Sur son blog écologique associé au Monde, Audrey Garric nous apprend que la Suède est aujourd’hui dans l’obligation d’importer des déchets du fait que ses capacités de recyclage sont
maintenant supérieures à sa production nationale de déchets :
Ce bel article possède une réelle profondeur, et je voudrais dire pourquoi. Il nous suggère qu’il est essentiel de se pencher sur le
déchet. En effet, rien moins que l’ontologie, l’éthique et la politique s’y jouent.

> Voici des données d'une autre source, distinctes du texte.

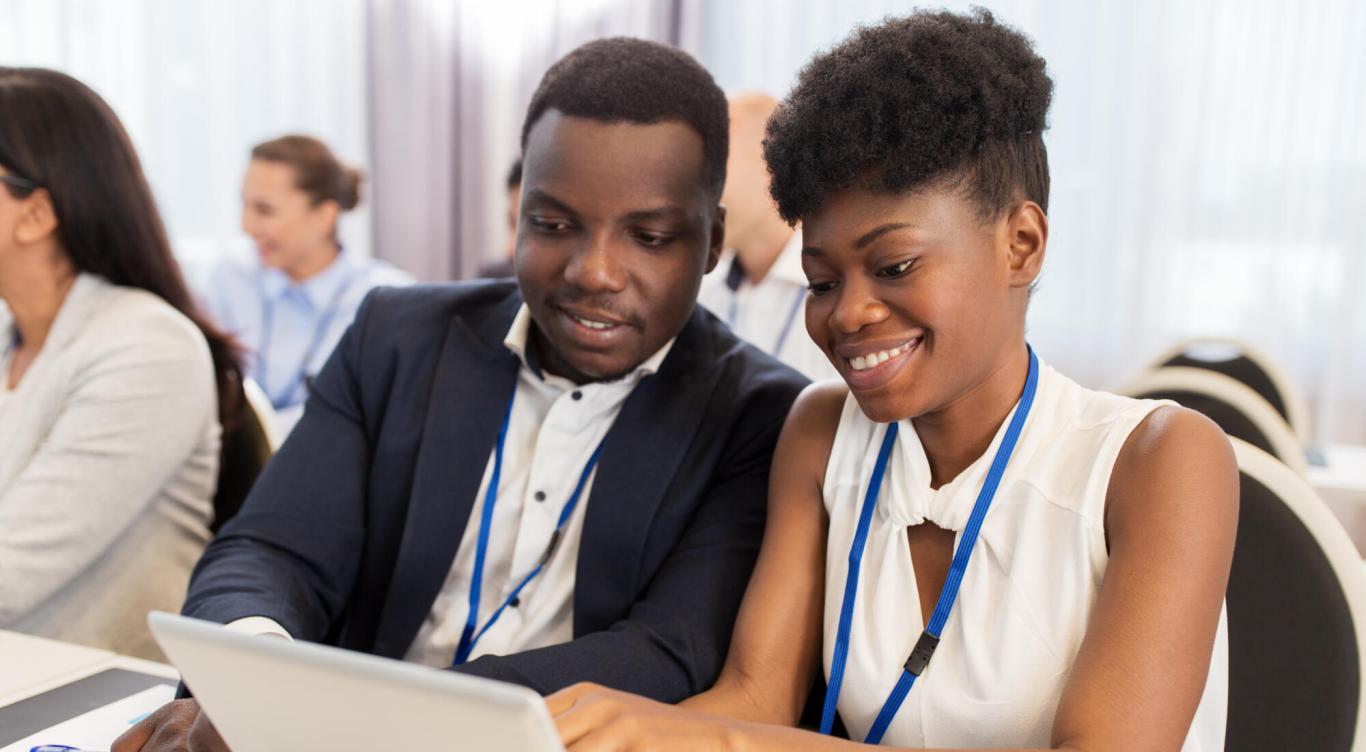 Two colleagues look at presentation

Ontologie : dans un ouvrage très suggestif (Des détritus, des déchets, de l’Abject. Une philosophie écologique,
Synthélabo/Les Empêcheurs de penser en rond, 1997), François Dagognet avait commencé à fonder l’abjectologie, science philosophique des êtres dégradés, dégoûtants et insignifiants,
classe incluant les détritus et les déchets, les objets cassés et les emballages. Le geste philosophique qu’il instituait visait à substituer au « catharisme » de l’ontologie dominante
(variante du platonisme appliquée à la matière, ou désir du « pur ») une attitude résolument leibnizienne (puisque l’auteur de la Monadologie considérait que chaque portion de
matière « peut être conçue comme un jardin plein de plantes et comme un étang plein de poissons »). La matière usée et dégradée regorge d’être. Il faut apprécier la puissance de ce
geste, sa pertinence pour une ontologie enfin totale.

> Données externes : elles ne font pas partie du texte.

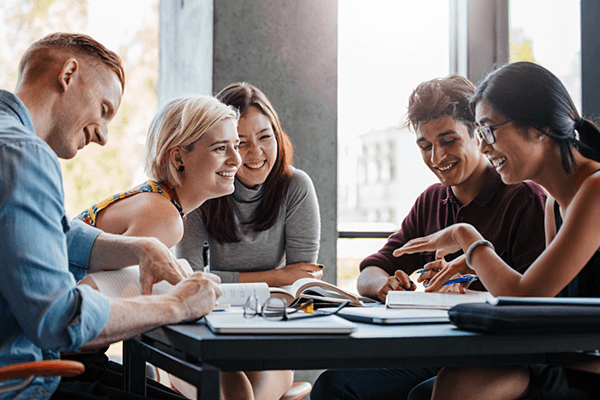 Group of teammates discuss creative strategy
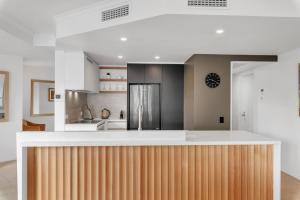 a kitchen with white walls and a wooden counter top at Nouvelle in Noosaville +9 photos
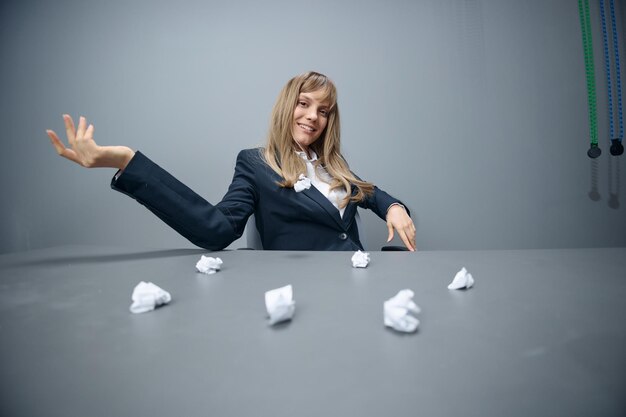 Pretty millennial blonde businesswoman worker in blue jacket\
throws papers into the camera sitting at workplace in gray modern\
office big boss concept copy space wide angle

Ethique : s’il faut se méfier de ce qu’induisent les hiérarchies fondatrices, c’est que l’infâme et le sale ont une telle
mauvaise réputation qu’elle en apparaît au final bien suspecte. On se souvient de la fine analyse de Jean-Pierre Vernant, qui remarquait dans « Le pur et l’impur », à propos des goûts
et des dégoûts en Grèce ancienne, ce que recouvrent les dévalorisations culturelles en termes de tabou : « le dégoût physique de ce qui est senti comme sale traduit en même temps le
crainte religieuse d’un contact interdit » (Mythes et sociétés en Grèce ancienne, Point Seuils, 1992, p. 132). Mais accepter le sale, considérer l’impur, ce n’est pas seulement
dépasser certains conditionnements implicites, ni voir les choses au-delà de la manière dont on nous les a montrées, c’est aussi se mettre de plain-pied avec l’existence dans sa finitude. La
véritable libération commence lorsqu’on met un terme à la recherche suspecte du sublime et qu’on considère les choses dans leur dynamisme même. Pour qui cherche la sagesse, il y a parfois plus
d’intérêt à considérer l’évolution du tas de compost familial qu’à demeurer enfermé dans sa bibliothèque.

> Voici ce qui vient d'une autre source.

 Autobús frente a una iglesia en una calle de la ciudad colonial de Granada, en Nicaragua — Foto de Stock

Politique : le mode de vie impliqué par les nouvelles pratiques écologiques nous donne à penser sur la valeur des choses. Les
déchets de la consommation constituent aujourd’hui une source d’énergie – sorte de revanche de la matière seconde sur la première – et cela modifie certaines évidences liées au mode de vie
industriel. Dans tout objet produit par l’homme, nous dit Marx, il y a un rapport social, c’est-à-dire qu’on peut y lire à la fois la relation entre l’homme et la nature via la technique, et le
rapport de force qui s’institue entre ceux qui produisent et ceux qui exploitent la production. L’objet renvoie à une double coupure : celle, fondatrice, de l’humanité avec la nature et
celle, instituée par le régime capitaliste de production, entre les hommes. Concernant la première, tout se passe comme si le recyclage engageait l’humanité dans une réconciliation avec
l’environnement naturel, du fait qu’il limite la surexploitation de ce dernier en ressources énergétiques. Mais concernant la seconde, pour l’heure la réalité dément un tel espoir :
les nations développées ont mis en place un véritable business de leurs déchets toxiques à destination des pays en voie de développement. L’article d’Audrey Garric, qui suggère comment le
commerce du sale est amené à se développer dans les années futures, nous invite à prendre en compte ce dernier aspect : dans la modernisation du traitement des déchets se jouent des
réorganisations sociales et politiques fondamentales. L’innovation ne sera complète (et réelle) que dans une vue globale des enjeux humains et du rapport des forces en présence.